The story behind Garrard’s latest jewellery collection is inspired by Queen Alexandra and the jewellery which she famously wore and loved. After having been thrust into the spotlight when she married Queen Victoria’s eldest son in 1863, she became known for being beautiful, as well as dressing in ensembles and jewelled accessories that accentuated her appeal as a figure in the public eye - before the idea of ‘celebrity’ even existed.
While many of the jewellery motifs which she championed had long been popular in Victorian England, the innovative way in which she wore them meant the Queen continued to set trends going into the twentieth century.
“What’s remarkable about Queen Alexandra’s style is that she took inspiration from the past and made it relevant for the future,” says Sara Prentice, Creative Director. “This is at the heart of what we’re doing at Garrard, bringing our heritage to life in designs that work for the modern woman.”
The three lines within the ‘Muse’ collection are ‘Filigree’, ‘Signature Serpent’ and ‘Starlight,’ all of which respectively focus on a famous motif which Queen Alexandra wore - ‘Starlight’ referring to the diamonds stars that adorned the bodice of her gowns, ‘Signature Serpent’ acting as a reference to the snake bracelet that curled around her wrist, and ‘Filigree’ paying tribute to delicate metalwork style of her nineteenth century tiara.
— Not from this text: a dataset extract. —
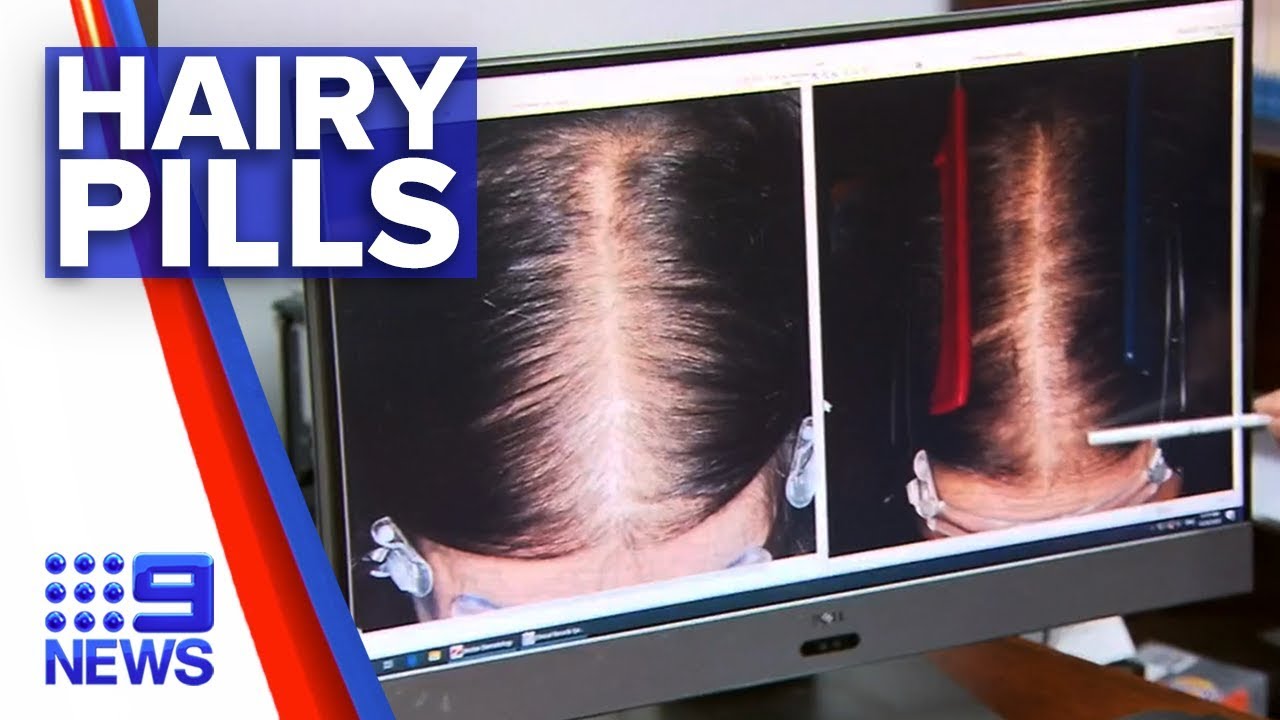 New pill to treat hair loss Nine News Australia YouTube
Another way which Garrard pays tribute to the Queen is through the purple sapphires that can be found in the ‘Signature Serpent’ and ‘Starlight’ lines, which are inspired by the amethyst-studded jewels she was gifted by her brother-in-law, Tsar Alexander III of Russia. She then came to return time and time again to shades of purple in the regal gowns she wore, the grand interiors of her home, and most significantly in the jewellery she commissioned.
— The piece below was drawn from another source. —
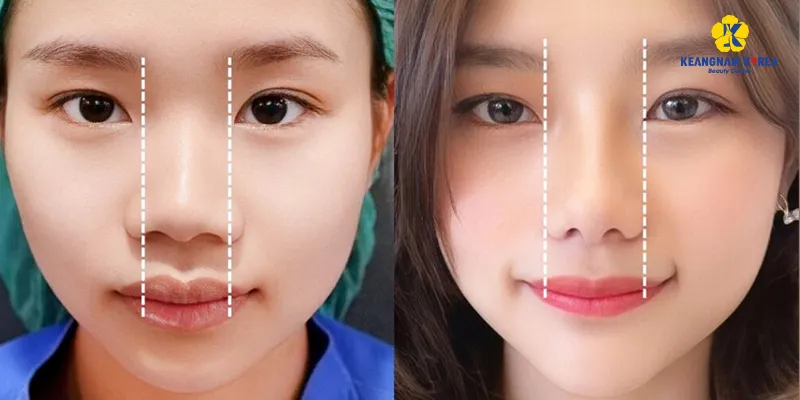 Có nên thu gọn cánh mũi không? Review chi tiết và bảng giá 2026 2 hình ảnh trước và sau thu gọn cánh mũi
Within these collections, Garrard has chosen to interweave meta-references to other royal jewellery; the diamond and dot pattern of a tiara made for Queen Alexandra’s daughter-in-law, Queen Mary, and Garrard created a sapphire brooch that marked Queen Victoria’s wedding - from this came the inspiration for the sapphires in the serpents’ eyes.
“The great joy of Muse is that it began with a royal icon, a trendsetter of her time, and it expanded to take in so many aspects of her life,” says Sara Prentice. “The more we researched, the more we found Queen Alexandra remained an inspiration for the women setting styles in high society today.”